- _PROBLEM DESCRIPTION_
Output the whole listing exactly, with no pictures.

- _SOURCE RECORDS_
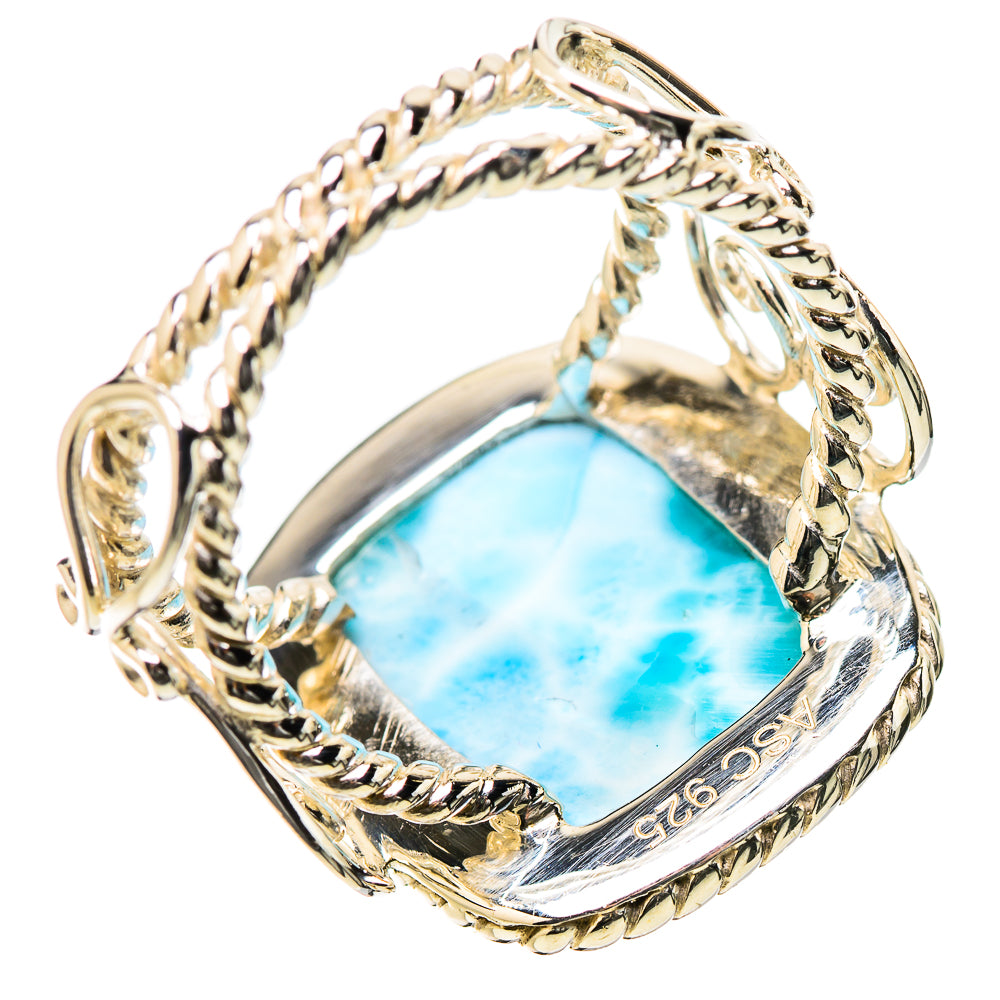 Larimar Rings handcrafted by Anasilvercos - RING131255 - Photo 3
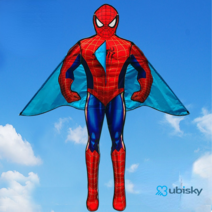 유비스키 연날리기 3D콩푸팬더, 100 미터 칠판, 1.6 미터 3D 스파이더 맨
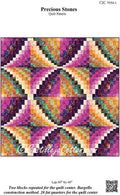 Precious Stones Quilt Pattern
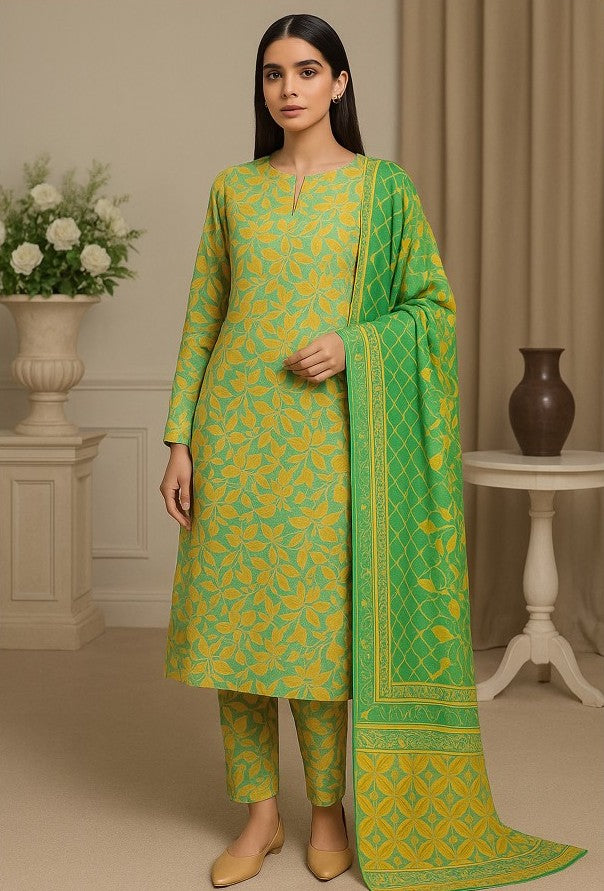 Nishat Printed Bana Dora Lawn 3PC | Unstitched Lawn Suit – Shahbaz Fabric Store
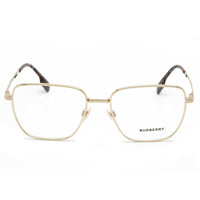 Burberry Women's Eyeglasses - Light Gold Square Full Rim Metal Frame | 0BE1368 1109 ,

- _RESULT OF THE TASK_
 Larimar Rings handcrafted by Anasilvercos - RING131255 - Photo 3
 유비스키 연날리기 3D콩푸팬더, 100 미터 칠판, 1.6 미터 3D 스파이더 맨
 Precious Stones Quilt Pattern
 Nishat Printed Bana Dora Lawn 3PC | Unstitched Lawn Suit – Shahbaz Fabric Store
 Burberry Women's Eyeglasses - Light Gold Square Full Rim Metal Frame | 0BE1368 1109 ,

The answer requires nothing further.